College of Information Science and Technology, Donghua University, Shanghai 201620, China; Engineering Research Center of Digitalized Textile and Fashion Technology, Ministry of Education, Shanghai 201620, China.
College of Information Science and Technology, Donghua University, Shanghai 201620, China; Engineering Research Center of Digitalized Textile and Fashion Technology, Ministry of Education, Shanghai 201620, China.
Neural Netw. 2020 Jan;121:356-365. doi: 10.1016/j.neunet.2019.09.006. Epub 2019 Sep 21.

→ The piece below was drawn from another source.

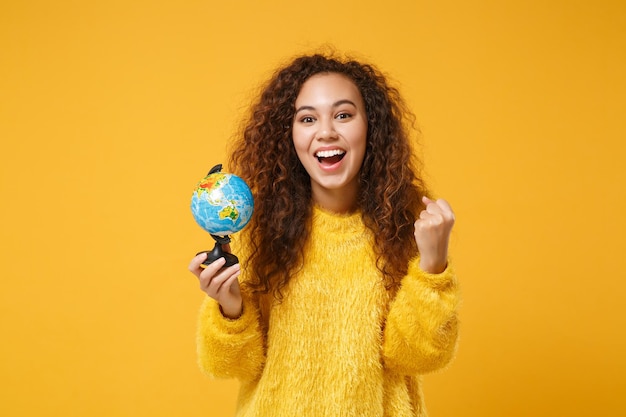 Heureuse jeune fille afro-américaine en pull de fourrure posant isolé sur fond orange jaune, portrait en studio. Concept de style de vie des gens. Maquette de l'espace de copie. Tenant le globe terrestre, faisant le geste du gagnant.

In this paper, the finite-time resilient H state estimation problem is investigated for a class of discrete-time delayed neural networks. For the sake of energy saving, a dynamic event-triggered mechanism is employed in the design of state estimator for the discrete-time delayed neural networks. In order to handle the possible fluctuation of the estimator gain parameters when the state estimator is implemented, a resilient state estimator is adopted. By constructing a Lyapunov-Krasovskii functional, a sufficient condition is established, which guarantees that the estimation error system is bounded and the H performance requirement is satisfied within the finite time. Then, the desired estimator gains are obtained via solving a set of linear matrix inequalities. Finally, a numerical example is employed to illustrate the usefulness of the proposed state estimation scheme.
本文研究了一类离散时间时滞神经网络的有限时间弹性 H 状态估计问题。为了节能,在离散时间时滞神经网络状态估计器的设计中采用了动态事件触发机制。为了处理状态估计器实施时估计器增益参数可能出现的波动,采用了弹性状态估计器。通过构造李雅普诺夫-克拉索夫斯基泛函,建立了一个充分条件,保证了估计误差系统在有限时间内有界,并且满足 H 性能要求。然后,通过求解一组线性矩阵不等式得到了期望的估计器增益。最后,通过一个数值例子说明了所提出的状态估计方案的有效性。